Es difícil saber cómo la condición de la mujer ha podido alcanzar las indignantes cotas de desigualdad a las que ha llegado en nuestra civilización occidental y, a veces, me pregunto si esto siempre fue así o si, simplemente, fue el producto de una sociedad atada a un determinado sistema de valores. Es por eso que, mientras estudio la cultura de antiguas civilizaciones, observo, por el rabillo del ojo, qué me cuentan los datos que aprendo de las mujeres que en ellas vivieron.

Recuerdo cuánto me sorprendió comprobar que el primer legislador conocido (Urukagina de Lagash) a pesar de sus intentos de proteger a pobres y huérfanos, viera turbada la paz de su mandato porque al hombre se le ocurrió prohibir la poliandría (que las mujeres pudieran desposar a varios hombres) y esto causó un follón muy importante en Lagash. De primeras uno simpatiza con Urukagina, a fin de cuentas el hombre protegía a pobres y huérfanos de las depredaciones de los ricos, pero, como me dijo una amiga feminista: ¿Y por qué no prohibió también que los hombres se casasen con varias mujeres?

No supe qué decir, en realidad ni siquiera sé si en Lagash los hombres podían casarse con varias mujeres… Así que hube de archivar a Urukagina.

Dando vueltas por los documentos sumerios, acadios, asirios y babilónicos uno encuentra no pocos ejemplos de contratos en los que intervienen mujeres con total capacidad de obrar (algo que perdieron hasta hace muy poco) y hoy he encontrado un texto legal egipcio que nos señala algo parecido: el testamento de Naunakhte.

Naunakhte, una zagala egipcia de época ramésida a la que imagino morena y guapa, tuvo la mala suerte de ser casada a los doce años con un escriba de más de cincuenta.
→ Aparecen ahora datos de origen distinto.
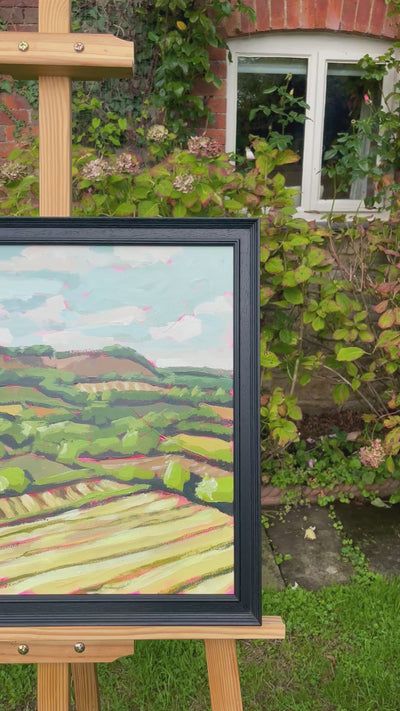 Moving image of a landscape painting on an easel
El escriba no debía carburar muy bien porque murió pronto sin haber dejado embarazada a Naunakhte quien, de este modo, se convirtió en su heredera y se hizo con una fortunita apañada para su tiempo.

Naturalmente Naunakhte, joven y con dinero, tardó poco en volver a casarse en segundas nupcias, fruto de las cuales dio a luz cuatro hijos y cuatro hijas.

Conservamos de Naunakhte su testamento y en él, la voz antigua de una madre de hace más de 3.000 años, nos cuenta cómo sacó a sus ocho hijos adelante y como dio a todos sus hijos e hijas casas donde vivir y enseres para equiparlas pero… Lo de siempre. Naunakhte, en el otoño de su vida, vieja y enferma, vio como algunos de sus hijos e hijas no la cuidaron cuando lo necesitaba y la anciana, en su testamento, nos lo cuenta y afirma que sus bienes irán solo a los hijos que «han puesto sus manos sobre las mías», no así a esas dos hijas y a ese hijo que, vieja y enferma, no la han cuidado.

Fuera de lo emocionante que resulta volver a leer en textos de hace tres mil años esta historia tantas veces contada, para un jurista hay unas cuanta cosas interesantes. La primera que una mujer egipcia testaba con mayor libertad que una mujer europea de hasta hace pocos años y la segunda que, por lo que se lee, no la limitaban legítimas ni tercios de mejora: su herencia, era toda de «libre disposición» y podía disponer de ella de la forma que le viniese en gana.

Claro que Naunakhte era rica y, al igual que otras mujeres que aparecen en documentos acadios o asirios gobernando sus bienes o forzando condiciones ventajosas en los divorcios, estaba protegida por su patrimonio.

Tener o no tener, that is the question.